Create a Google BigQuery Data Source

Follow these steps to connect to a Google BigQuery data warehouse and create a Google BigQuery data source:

  1. Configure User Access Rights

  2. Get Google Service Account Key File

  3. Create a Google BigQuery Data Source

Refer to Additional Information for additional performance tips and information about Google BigQuery feature support.

Configure User Access Rights

To connect your BigQuery data warehouse and GoodData, we recommend that you use a Google Cloud Platform service account. For sufficient level of access, ensure your service account has the following user roles and permissions:

Steps:

  1. Grant your service account the following user roles:

    • bigquery.dataViewer
    • bigquery.jobUser

    or if you intend to enable pre-aggregation caching:

    • bigquery.dataEditor
    • bigquery.jobUser

    For more information see Google Cloud documentation Service Accounts and Access Control.

  2. Ensure your service account has the following permissions:

    • bigquery.jobs.create
    • bigquery.tables.get
    • bigquery.tables.getData
    • bigquery.tables.list

Get Google Service Account Key File

GoodData requires the use of a Google service account key file to integrate your BigQuery project with the GoodData workspace and create a data source.

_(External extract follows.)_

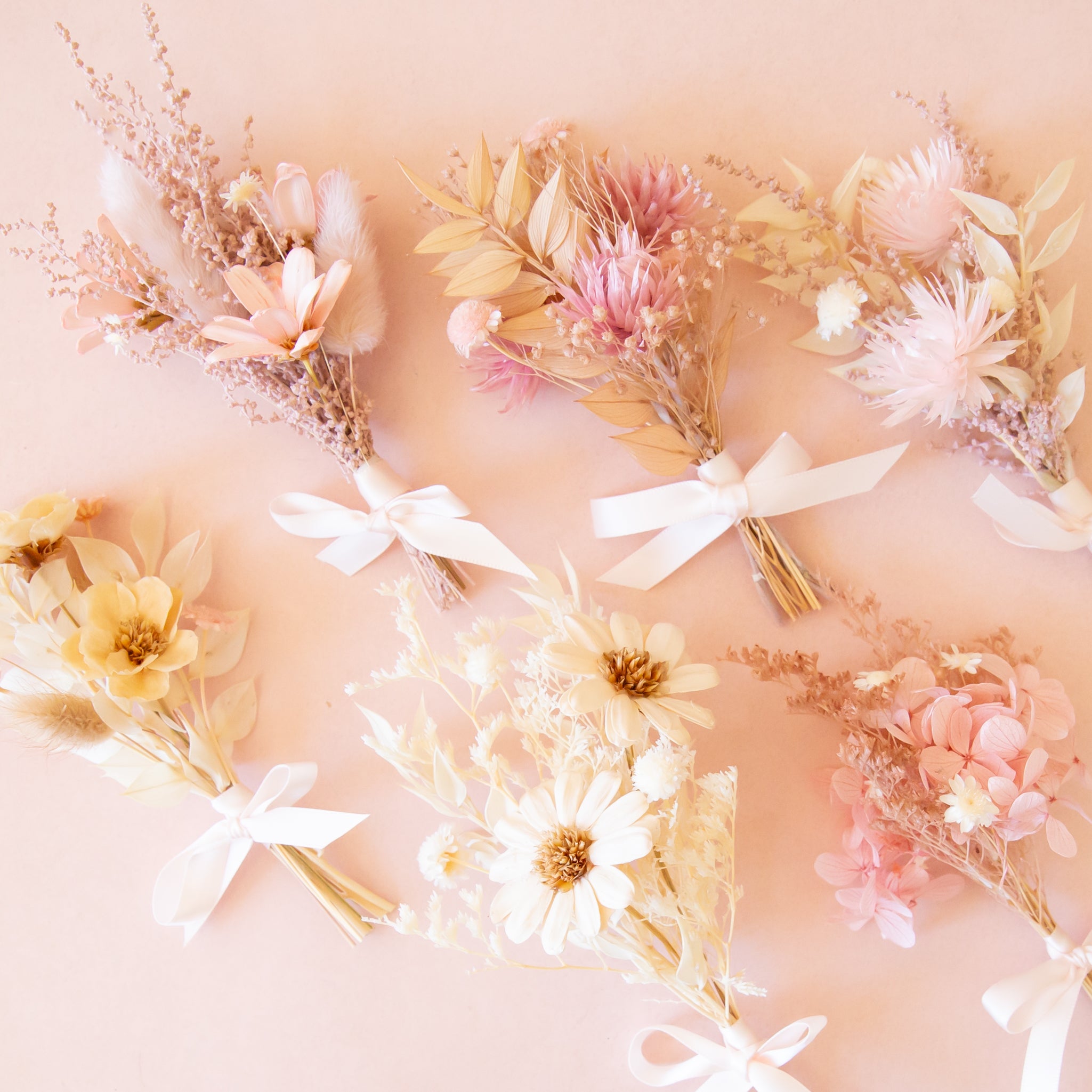 Eight pastel dried flower bouquets in soft pink, cream, and yellow are arranged in a loose grid on a pale peach background, each tied with a white ribbon.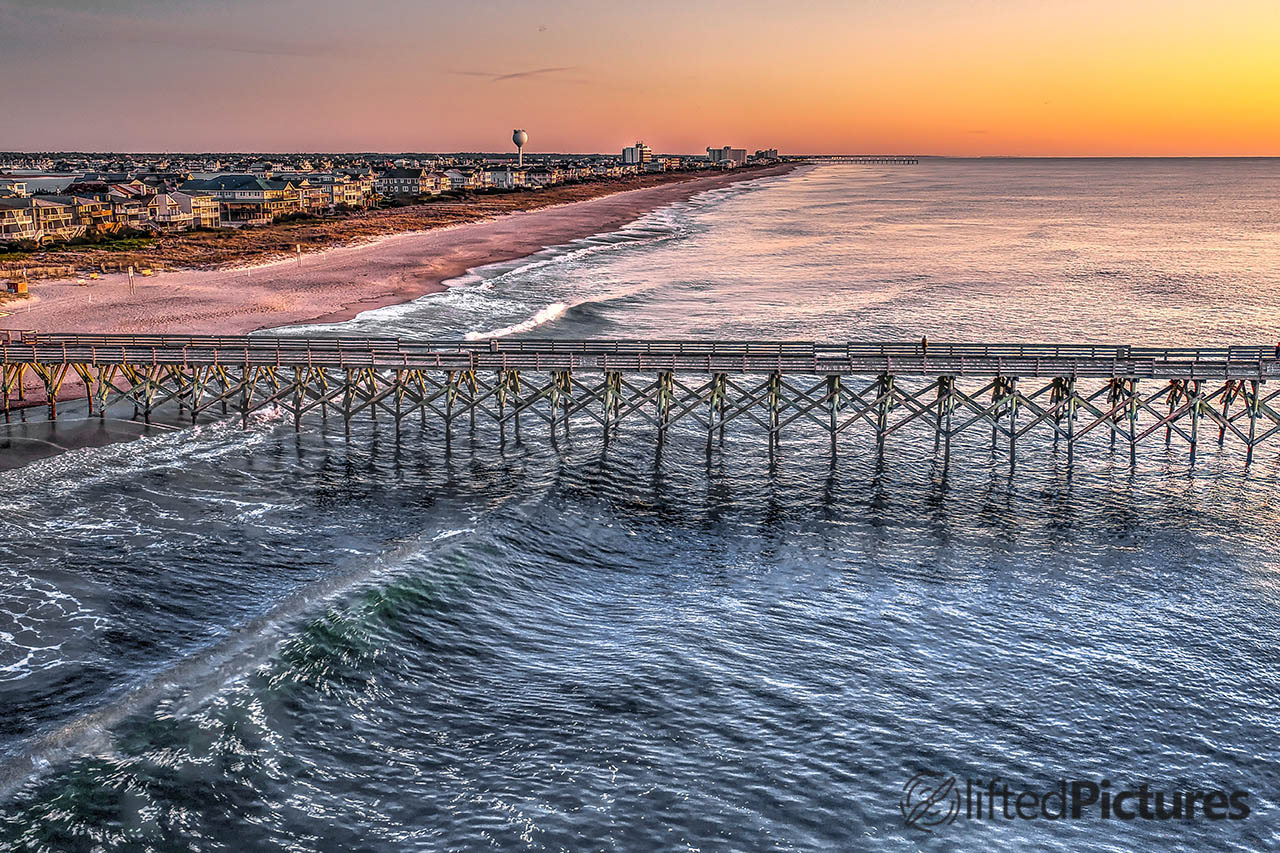 Crystal Pier at Wrightsville Beach, North Carolina, seen from the side at sunrise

The file is used to import most of the settings when you establish the connection between your BigQuery project and GoodData. The following information is extracted:

  • Service account email
  • Service account key ID
  • Google project ID

To learn how to create service account key files, see Google Cloud documentation Create a service account key.

Create a Google BigQuery Data Source

Once you have configured your Google Cloud Platform service account and downloaded a Google service account key file, you can proceed to create a Google BigQuery data source that you can then connect to.

UI
API
Python

Steps:

  1. On the home page switch to Data sources.

    data sources tab
  2. Click Connect data.

    connect data
  3. Select Google BigQuery.

    select data source type

    The following dialog opens:

    GoodData Modeler Add Datasource
  4. Give the data source a name and upload your Google service account key file.

  5. Click Connect.

    The following dialog opens:

    GoodData Modeler Add Datasource

    Your Google BigQuery credentials are filled out for you automatically based on the service account key file.

  6. Click Connect.

    The following dialog opens:

    GoodData Modeler
  7. Fill in the name of the Google BigQuery dataset that you want to use in GoodData analytics and click Save.

    Data Source Visible in Data Sources

    You have created a Google BigData data source.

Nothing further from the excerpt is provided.